Touché. Como Deusa, Liora tinha privilégios que os anjos não tinham, podendo viver uma vida muito diferente da que estava acostumada. A única coisa que ela precisava manter de seu status de anjo era a venda que cobria seus olhos. Inconformada com a decisão dos Deuses, e convencida de que seu sacrifício para se tornar um anjo foi completamente em vão, Valarie se auto-destruiu. Por vontade própria, ela tirou a venda de seus olhos e se corrompeu, tornando-se um anjo decaído. A verdade é que ela já estava há muito tempo consumida pela inveja, ódio e rancor de Liora, sentimentos incompatíveis com a natureza de um anjo. Foi então que, unindo-se aos demais anjos decaídos que existiam, Valarie decidiu destruir o mundo que os Deuses planejaram construir.

— Que loucura! — Kuwabara exclamou — E o que aconteceu depois?

— Irritados, os Deuses decidiram banir os anjos decaídos de seu mundo, criando aquilo que chamamos ainda hoje de Inferno para aprisioná-los. Naquele lugar inóspito, Valarie organizou uma rebelião comandando os seus semelhantes, ao elevar ao máximo a sua Seikouki invertida. Ali ela se auto-proclamou Delevit, a "Deusa das Trevas". Os anjos decaídos agora tinham sua própria líder, e juntos, conseguiram fugir em massa do Inferno. Em seguida, sob comando de Delevit, foram capazes de se unir para criar o seu próprio mundo: o Makai. Da mesma forma que Liora, a Deusa das Trevas decidiu doar sua energia para todos os seres vivos que ali nasceriam. Essa foi a chamada "energia demoníaca".

— Isso certamente gerou outra guerra, não é? — Kiara então perguntou.

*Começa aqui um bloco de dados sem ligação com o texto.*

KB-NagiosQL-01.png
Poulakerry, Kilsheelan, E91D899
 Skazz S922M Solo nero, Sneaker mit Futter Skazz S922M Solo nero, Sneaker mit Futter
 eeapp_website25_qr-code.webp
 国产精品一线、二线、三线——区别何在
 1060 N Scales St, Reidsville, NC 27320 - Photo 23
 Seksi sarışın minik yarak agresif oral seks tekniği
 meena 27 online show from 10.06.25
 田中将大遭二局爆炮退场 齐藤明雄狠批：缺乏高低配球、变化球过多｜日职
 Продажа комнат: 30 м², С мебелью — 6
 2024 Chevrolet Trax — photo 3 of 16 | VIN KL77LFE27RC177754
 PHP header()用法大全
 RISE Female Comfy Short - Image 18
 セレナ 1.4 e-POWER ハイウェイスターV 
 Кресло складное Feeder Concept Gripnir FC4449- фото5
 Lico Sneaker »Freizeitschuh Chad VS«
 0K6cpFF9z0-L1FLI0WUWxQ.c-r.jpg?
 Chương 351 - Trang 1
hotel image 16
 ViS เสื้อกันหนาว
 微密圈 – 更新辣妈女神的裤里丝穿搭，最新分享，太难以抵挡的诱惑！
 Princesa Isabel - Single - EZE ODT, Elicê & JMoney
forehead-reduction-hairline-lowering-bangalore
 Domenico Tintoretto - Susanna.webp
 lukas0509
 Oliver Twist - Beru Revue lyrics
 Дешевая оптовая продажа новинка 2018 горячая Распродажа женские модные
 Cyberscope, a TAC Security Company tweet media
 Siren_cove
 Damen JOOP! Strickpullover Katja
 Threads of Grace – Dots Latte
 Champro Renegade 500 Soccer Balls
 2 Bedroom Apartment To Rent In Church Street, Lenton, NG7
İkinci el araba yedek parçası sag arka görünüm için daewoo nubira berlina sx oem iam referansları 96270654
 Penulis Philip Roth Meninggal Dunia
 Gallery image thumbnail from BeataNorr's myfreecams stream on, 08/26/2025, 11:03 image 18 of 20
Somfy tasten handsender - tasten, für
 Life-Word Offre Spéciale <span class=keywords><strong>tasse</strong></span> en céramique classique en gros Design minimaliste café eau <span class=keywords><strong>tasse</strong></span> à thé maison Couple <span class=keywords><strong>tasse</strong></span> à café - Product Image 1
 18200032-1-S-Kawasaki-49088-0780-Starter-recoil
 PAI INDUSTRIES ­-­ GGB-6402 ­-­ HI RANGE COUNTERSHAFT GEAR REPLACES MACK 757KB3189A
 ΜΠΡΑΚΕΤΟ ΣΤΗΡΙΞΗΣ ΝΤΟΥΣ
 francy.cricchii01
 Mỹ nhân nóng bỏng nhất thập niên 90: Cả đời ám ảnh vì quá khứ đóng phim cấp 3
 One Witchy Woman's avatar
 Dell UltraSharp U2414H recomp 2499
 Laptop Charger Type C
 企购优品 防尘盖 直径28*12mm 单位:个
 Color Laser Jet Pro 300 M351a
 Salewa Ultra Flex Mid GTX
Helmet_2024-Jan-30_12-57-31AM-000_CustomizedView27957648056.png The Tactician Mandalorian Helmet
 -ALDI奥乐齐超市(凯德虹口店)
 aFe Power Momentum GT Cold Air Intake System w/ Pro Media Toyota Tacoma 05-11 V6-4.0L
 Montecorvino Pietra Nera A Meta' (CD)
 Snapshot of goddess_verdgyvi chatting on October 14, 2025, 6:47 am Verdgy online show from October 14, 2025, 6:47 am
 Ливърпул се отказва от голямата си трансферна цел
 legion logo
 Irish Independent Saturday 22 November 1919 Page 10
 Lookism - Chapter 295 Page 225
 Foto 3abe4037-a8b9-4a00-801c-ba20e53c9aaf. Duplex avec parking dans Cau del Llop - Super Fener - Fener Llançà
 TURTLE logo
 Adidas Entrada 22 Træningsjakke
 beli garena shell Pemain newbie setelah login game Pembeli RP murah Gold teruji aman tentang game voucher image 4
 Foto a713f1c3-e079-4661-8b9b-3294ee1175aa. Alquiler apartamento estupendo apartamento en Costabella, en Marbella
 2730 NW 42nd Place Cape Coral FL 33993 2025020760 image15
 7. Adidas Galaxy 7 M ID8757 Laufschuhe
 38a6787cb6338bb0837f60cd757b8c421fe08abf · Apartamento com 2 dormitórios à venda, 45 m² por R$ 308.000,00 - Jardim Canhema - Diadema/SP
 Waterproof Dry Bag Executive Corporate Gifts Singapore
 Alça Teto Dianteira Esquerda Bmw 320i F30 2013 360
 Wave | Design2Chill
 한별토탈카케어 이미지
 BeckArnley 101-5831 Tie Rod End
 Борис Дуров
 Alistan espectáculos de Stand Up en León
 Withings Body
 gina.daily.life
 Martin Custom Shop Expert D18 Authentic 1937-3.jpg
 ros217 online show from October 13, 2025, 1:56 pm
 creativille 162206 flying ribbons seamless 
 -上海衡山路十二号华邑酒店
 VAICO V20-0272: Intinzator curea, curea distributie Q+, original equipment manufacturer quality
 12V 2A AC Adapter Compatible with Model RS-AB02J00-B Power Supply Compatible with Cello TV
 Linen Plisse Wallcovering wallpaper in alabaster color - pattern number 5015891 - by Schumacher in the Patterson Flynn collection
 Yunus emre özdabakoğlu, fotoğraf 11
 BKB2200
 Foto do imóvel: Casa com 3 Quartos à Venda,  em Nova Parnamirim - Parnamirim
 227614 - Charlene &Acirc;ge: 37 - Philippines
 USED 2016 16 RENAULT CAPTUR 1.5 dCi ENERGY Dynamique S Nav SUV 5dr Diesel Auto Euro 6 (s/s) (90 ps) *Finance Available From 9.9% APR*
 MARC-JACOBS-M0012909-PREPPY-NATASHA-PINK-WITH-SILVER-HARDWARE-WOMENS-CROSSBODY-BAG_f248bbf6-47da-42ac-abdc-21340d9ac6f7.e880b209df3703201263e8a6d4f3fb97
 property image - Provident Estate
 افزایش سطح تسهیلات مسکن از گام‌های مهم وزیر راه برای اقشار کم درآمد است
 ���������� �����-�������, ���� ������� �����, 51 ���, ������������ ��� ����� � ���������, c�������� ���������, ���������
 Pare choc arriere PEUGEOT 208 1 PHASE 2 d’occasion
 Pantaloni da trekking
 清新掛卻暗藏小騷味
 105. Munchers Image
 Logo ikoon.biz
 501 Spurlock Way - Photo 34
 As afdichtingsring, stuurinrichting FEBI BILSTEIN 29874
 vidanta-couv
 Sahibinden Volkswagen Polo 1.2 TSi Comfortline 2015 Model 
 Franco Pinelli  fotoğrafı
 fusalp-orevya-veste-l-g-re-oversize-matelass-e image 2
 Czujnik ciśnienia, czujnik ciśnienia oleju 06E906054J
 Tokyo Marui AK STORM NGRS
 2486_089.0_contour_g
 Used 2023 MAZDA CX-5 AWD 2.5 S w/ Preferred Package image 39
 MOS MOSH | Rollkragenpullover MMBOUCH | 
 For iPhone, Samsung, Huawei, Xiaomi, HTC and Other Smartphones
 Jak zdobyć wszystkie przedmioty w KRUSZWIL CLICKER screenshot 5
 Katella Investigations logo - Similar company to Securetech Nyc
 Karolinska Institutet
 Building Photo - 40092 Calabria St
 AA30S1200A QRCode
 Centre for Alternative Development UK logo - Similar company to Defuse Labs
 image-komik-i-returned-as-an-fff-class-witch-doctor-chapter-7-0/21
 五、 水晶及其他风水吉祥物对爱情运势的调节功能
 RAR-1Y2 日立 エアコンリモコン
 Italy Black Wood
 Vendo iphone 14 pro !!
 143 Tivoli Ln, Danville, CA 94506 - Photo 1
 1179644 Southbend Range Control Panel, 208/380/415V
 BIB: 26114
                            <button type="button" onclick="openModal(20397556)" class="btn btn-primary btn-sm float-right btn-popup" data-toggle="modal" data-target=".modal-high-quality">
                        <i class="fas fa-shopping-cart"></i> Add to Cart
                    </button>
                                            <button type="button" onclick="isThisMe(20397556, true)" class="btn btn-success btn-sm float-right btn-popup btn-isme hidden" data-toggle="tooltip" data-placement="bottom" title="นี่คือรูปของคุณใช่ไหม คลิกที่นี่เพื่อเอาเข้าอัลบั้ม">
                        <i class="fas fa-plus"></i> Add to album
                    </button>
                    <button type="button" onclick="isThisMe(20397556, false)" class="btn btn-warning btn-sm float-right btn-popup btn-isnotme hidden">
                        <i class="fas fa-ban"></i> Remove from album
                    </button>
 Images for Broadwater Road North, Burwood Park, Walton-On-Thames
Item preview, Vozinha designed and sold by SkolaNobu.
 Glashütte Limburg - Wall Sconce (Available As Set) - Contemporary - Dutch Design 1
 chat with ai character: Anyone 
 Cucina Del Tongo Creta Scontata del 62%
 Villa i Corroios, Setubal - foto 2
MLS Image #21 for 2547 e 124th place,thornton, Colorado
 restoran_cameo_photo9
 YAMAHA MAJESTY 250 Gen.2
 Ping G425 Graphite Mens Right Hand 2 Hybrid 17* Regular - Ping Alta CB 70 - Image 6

— Sim. Como podem imaginar, os Deuses não gostaram da intromissão de Delevit na criação do planeta, pois o Makai não estava em seus planos originais. Foi então que uma nova guerra se iniciou. Porém, com o tempo, a própria Deusa Liora passou a questionar o objetivo daquela guerra. Em um dado momento, ao comparar as criaturas criadas com a energia demoníaca de Delevit com aquelas criadas graças à sua própria força, não conseguiu encontrar nenhuma diferença. Ambos eram seres vivos que lutavam pela sua sobrevivência. Assim, diante da injusta intolerância para com as criaturas de energia demoníaca, Liora resolveu interromper a guerra ao anunciar que todos os seres mereciam ter direito à vida, independente do tipo de força vital que possuíam. Segundo ela, tanto o Makai, quanto o Ningenkai poderiam coexistir.

— Mas com certeza Delevit se opôs a isso — Kuwabara se apressou a concluir.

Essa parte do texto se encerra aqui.